Pourtant, Au bonheur des dames demeure un roman euphorique, voire euphorisant – quelque chose de rare dans l’oeuvre de Zola. J’en vois plusieurs raisons. La première tient sans doute à l’intrigue sentimentale qui poursuit, sur un mode heureux, l’histoire entamée dans le volume précédent: Mouret qui a fait fortune en sachant se jouer des femmes finit par être le jouet de l’une d’entre elles, Denise, qui parvient à se faire aimer de lui parce qu’elle refuse de céder à son désir de possession. Au bonheur des dames est, dans une certaine mesure le roman de l’émancipation féminine: des femmes auxquelles le commerce de Mouret donne enfin la possibilité d’exister comme sujets, d’exprimer leurs désirs, de vivre d’appétits. La femme qui porte la culotte n’est plus un motif ridicule. Elle est une consommatrice émancipée. Nul mieux que Zola n’a su percevoir à quel point le développement de la consommation était lié à une aspiration à la liberté. Or il fallait à ce roman un personnage tel que Denise qui sache affirmer quelque chose de l’avenir de la femme: non plus comme désir de l’homme, mais comme être émancipé, posant ses conditions, à l’égal de l’homme, dans une relation renouvelée qui n’exclut pas l’amour, mais en est au contraire la condition.

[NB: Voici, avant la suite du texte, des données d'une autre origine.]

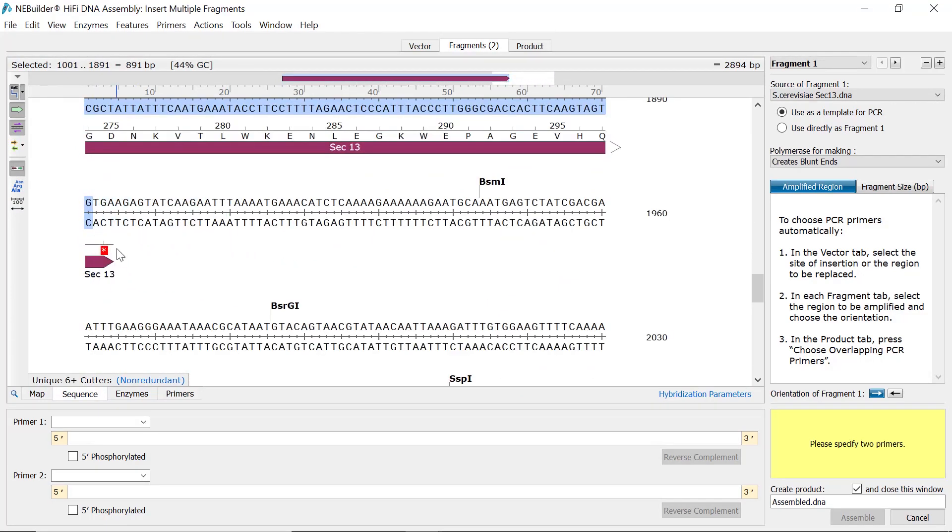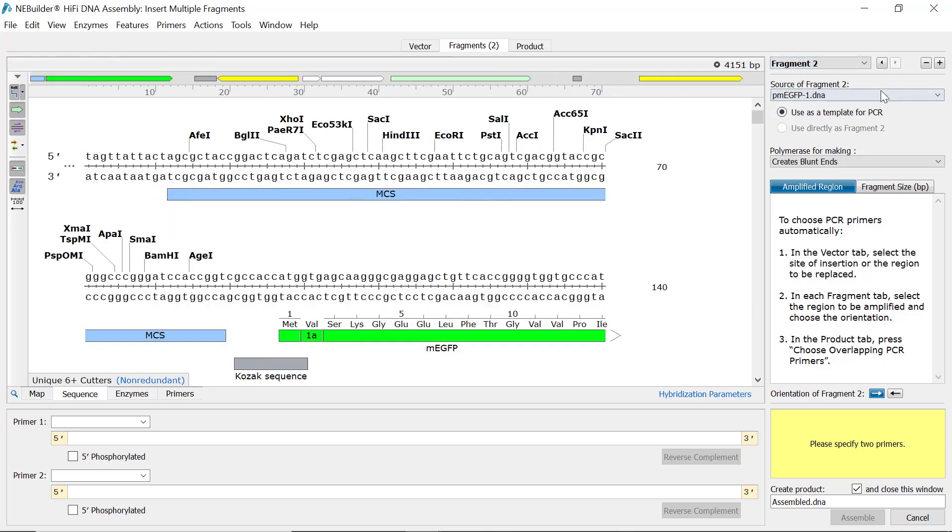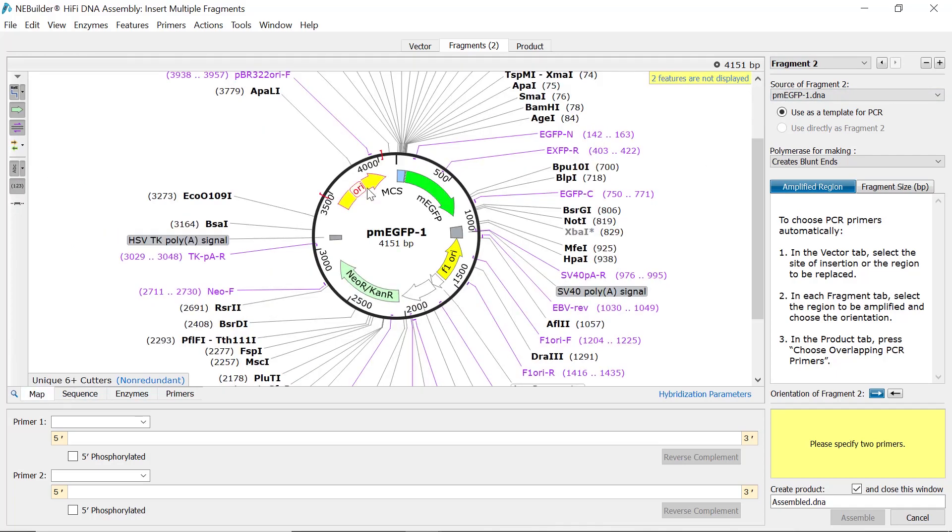Next, switch to the second fragment file by either using the drop-down menu or pressing the right button. As before, it's then a case of selecting the desired feature or sequence to use as the insert.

L’autre raison qui fait de la lecture de ce roman un moment particulièrement heureux dans le cours souvent sombre des Rougon-Macquart tient, aussi, à la complexité, l’air de rien, de la trame narrative. A la structure habituelle de ses romans (grandeur et décadence), Zola substitue ici celle d’un progrès continu: jetée, démunie, avec ses frères sur le pavé de Paris, comme Octave Mouret quelques années avant elle, Denise finit à la tête d’un des temples du commerce, régnant sur un empire commercial et sur le coeur de son propriétaire. Mais cette ligne continue en dissimule en fait d’autres: celle des péripéties du parcours de Denise, qui est d’abord rejetée du Bonheur des Dames, connaît les vexations, la pauvreté, se voit obligée de partager la condition et la faillite des petits commerçants du quartier, avant d’entrer de nouveau au service du Grand Magasin; celle de ces petits commerçants, à l’image de l’oncle Baudu, propriétaire du vieil Elbeuf, ou du père Bourras, jadis cossus, vivant bourgeoisement et que les circonstances, leur entêtement, leur incapacité à saisir les nouvelles règles du jeu commercial ou à prendre le train en marche précipitent dans la ruine; d’autres encore: Robineau, Hutin, les Lhomme, etc. Finalement, l’intrigue du roman est à l’image du Grand Magasin: démultipliant les parcours, faisant s’entrechoquer les trajectoires, dans un bouillonnement qui est à l’imitation de celui de la vie même.

J’ai lu ce roman, il y a très longtemps, vers 14-15 ans. Et j’en avais gardé un puissant souvenir. La relecture est plus épatante encore. Je crois que ce volume constitue, sans aucun doute, avec La Fortune des Rougon, avec L’Assommoir, avec Pot-Bouille, l’un des sommets, du cycle des Rougon-Macquart.